In one incident, Katherine was living in a quiet Topeka neighborhood and dating a boy from our high school. It was the summertime, about 6:30 in the evening. Katherine’s boyfriend pulled in to pick her up on a date. We'd been waiting for her to come out of the house, and when she did, we just swooped in. We had two cars. I was driving one and my father the other.

It was a real 'Starsky and Hutch' covert operation. We blocked off the departing vehicle, and pulled Katherine out of the car while her date just sat there stunned. Back at home my father beat her terribly. It was then she was confined in the nook for 40 days on nothing but water. This 'parental intercession' was actually a kidnapping: Katherine was 18 when it occurred. She easily had a cause of action against my father if she had wanted to pursue it.

Katherine, if you are reading these words today, I ask your forgiveness for my part in bringing you back that day. Oh how I wish I had had the strength to stand up to our father in those moments. I have never stopped praying for you, sister, and hoping your life has turned out well when you were able to finally leave and begin again.

Though she eventually finished college and graduated from law school, I am concerned that Katherine has not yet been able to find resolution to her anger and the self-destruction that often accompanies this level of abuse. (And some might even argue that acts of “self-destruction” are beautiful signs of life as the abused person begins to make new and very different decisions than the ones prescribed by the controlling abuser.) She allowed her active status as an attorney to lapse, waitressed at Topeka's Ramada Inn, got laid off, and went on public assistance. Are you surprised? What might you have done living with the level of abuse and torture my sister suffered? What might any of us have done with the psychological and physical scars she has from the horrendous abuse she suffered? From the person who should have loved her, defended her, championed her, admired her, and sought to bring all good things into her life - - her father.

My precious sister, Katherine......oh, everything my father did to her...she's just been so deeply hurt as a human being. How my heart breaks for her. It is so difficult to accept that her life was so destroyed by my father. She had hardly begun her life and it was permanently crippled by her own father. I have a lot of righteous anger against my father’s actions towards Katherine as I am sure many of you who are reading this do! It was terribly wrong and should never have been allowed!

Once, while she was going to college and living in the family compound, Katherine went jogging late one night, as was her habit. But, this time, the sight of a woman running through a darkened residential neighborhood after 1 a.m. caught the attention of a patrol car. When the officer tried to question her from the rolling vehicle, Katherine turned and ran the other way. When he overtook her on foot, jumped ahead of her and tried to block her passage, she jumped on him like a wild animal. Other officers were called and Katherine fought them with the same intense ferocity. She was finally subdued and arrested. When the case went to court, my brother Nate was there: "The judge asked why she fought when the officer tried to stop her. She turned to him-and I was shocked by the hate in her face-and she almost spit out the words: 'I can't stand for a man to touch me!'" Continues Nate: "That face full of hate I'll never forget. My sister was very, very angry about something."

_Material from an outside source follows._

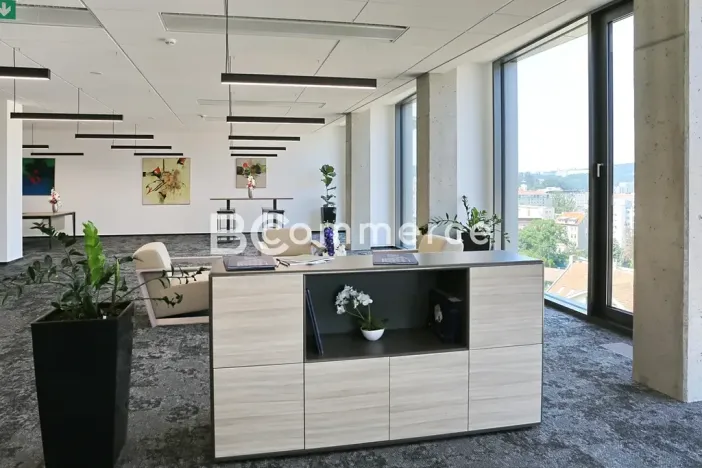 Pronájem kanceláře, Brno, 445 m2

Hmmm, I wonder where all that anger originated!? Can you imagine the irony of this? My father, who had such an aberrant view of a boy even calling my sister on the phone, who could not stand the thought of my sister being in a normal relationship with a man, would create from his savage beatings my sister learning to hate the touch of any man. My father who was so twisted and tortured in his own soul managed to foist his own pain on those closest to him.

Katherine was willing to fight back with several police officers because she felt safer and more able to fight back with them than she did trying to fight back against her own father. She had observed her father’s rage and brutality toward her brothers and her mother and knew, deep in her soul, that any resistance or attempt to protect or stand up for herself against her father would only result in greater abuse and greater pain. We all knew this about our father because we were trained so skillfully and thoroughly from the earliest days of our lives. All of us knew his hair-trigger temper and the instant, vicious escalation of his rage at the least sign of resistance on our part! We all knew . . . there was no stopping my father!!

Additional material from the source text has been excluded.